# Recomendation for a revolver with a light DA trigger



## gilfo (Dec 5, 2007)

Want to get a revolver for myself and possibly to teach my wife with. Requesting any recommendations for one with the lightest DA trigger pull if there is such a thing, or one that a smith could lighten without breaking the bank. 
Thanks


----------



## Guest (May 15, 2009)

Caliber?

Price Range?


----------



## mccoy (Dec 31, 2007)

Out of the box,
the S&W 627-PC 8-shots in 357 magnum (shoots 38s as well of course) is renowned as a light-triggered revolver.

I own it, after 500-1000 rounds it got pretty much soft and everyone else who tries it, accustomed to other popular models like the 686, is impressed.

As far as I know, you can have a trigger job done to just about every revolver, sometimes you may have problems with unfiring primers though, a very light trigger requests federal primers or similar

The S&W 627 sometimes won't fire fiocchi primers in DA, it will do it in SA though (happens 2-3 times out of 100 rounds). Same drawback with others primers brands maybe, I can't remember, I'm using fiocchi right now.

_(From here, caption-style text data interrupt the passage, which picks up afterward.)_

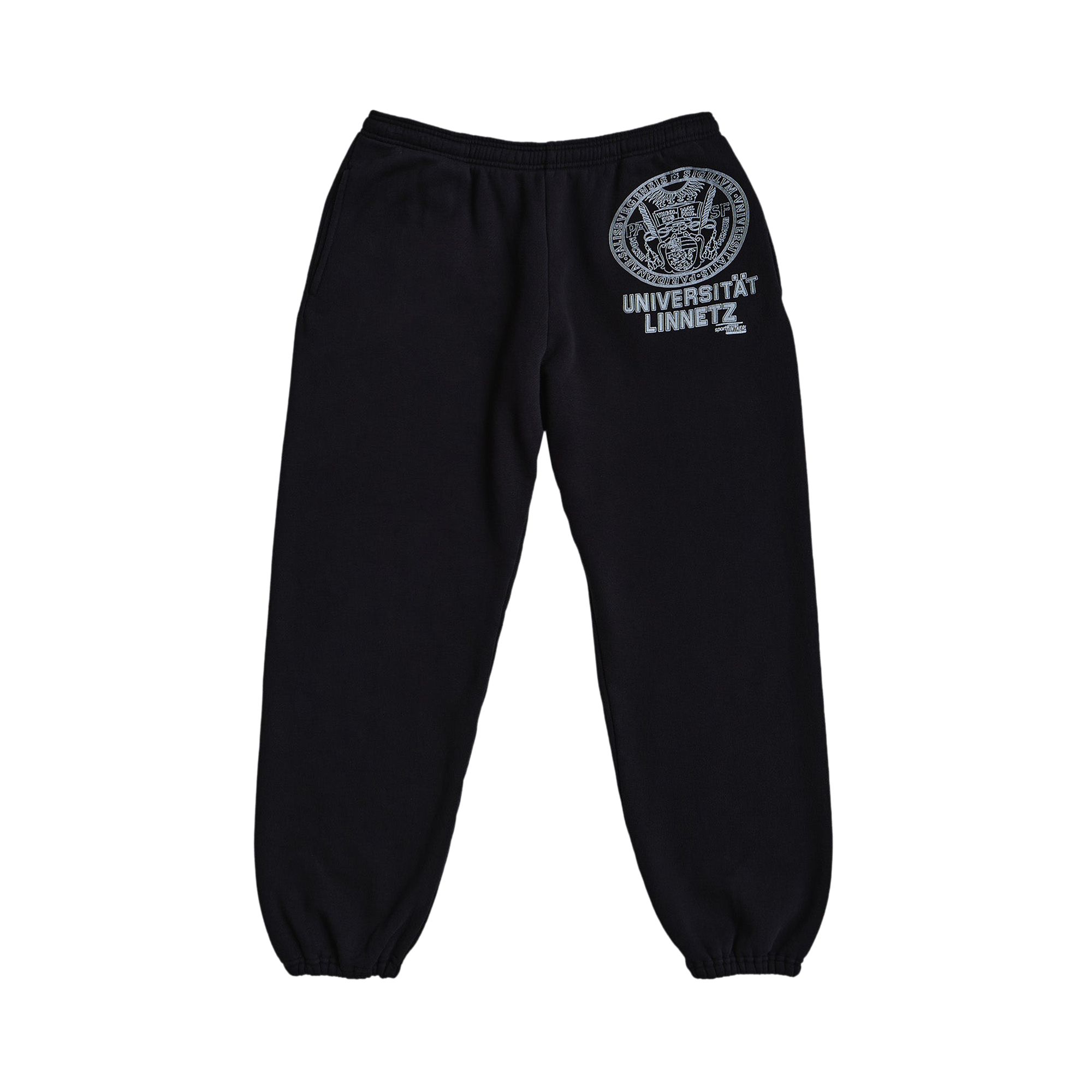 Pre-owned Erl University Sweatpants Knit 'black' | Men's Size M
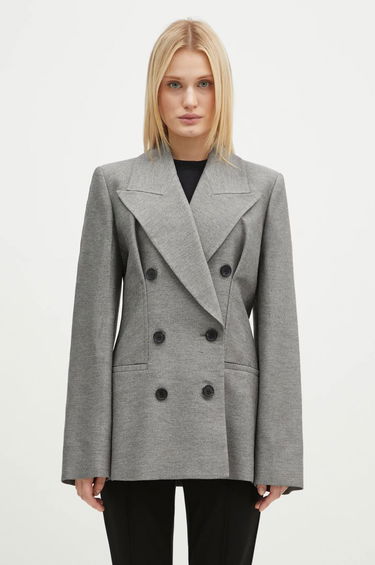 Plašči JW Anderson JW Anderson Hourglass Tailored Oversize Blazer Siva | JK0343.PG1640.929, 0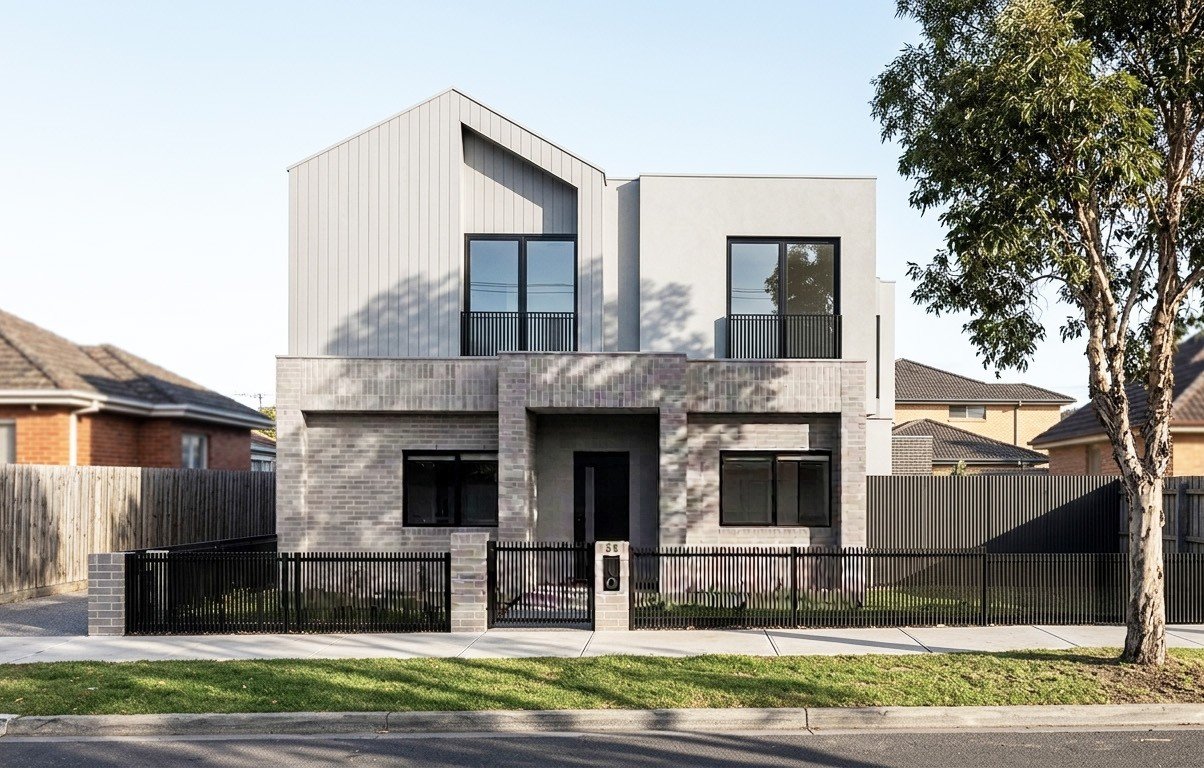 Chadstone townhouse development by TNA Architecture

Besides, after you've trained and fired hundreds or thousands of rounds, your trigger finger muscles will get stronger and the trigger will feel softer.


----------



## mikecu (May 22, 2009)

*Da/sa*



mccoy said:


> Out of the box,
> the S&W 627-PC 8-shots in 357 magnum (shoots 38s as well of course) is renowned as a light-triggered revolver.
> 
> I own it, after 500-1000 rounds it got pretty much soft and everyone else who tries it, accustomed to other popular models like the 686, is impressed.
> ...


Why is it different between SA or DA? same spring.


----------



## mccoy (Dec 31, 2007)

mikecu said:


> Why is it different between SA or DA? same spring.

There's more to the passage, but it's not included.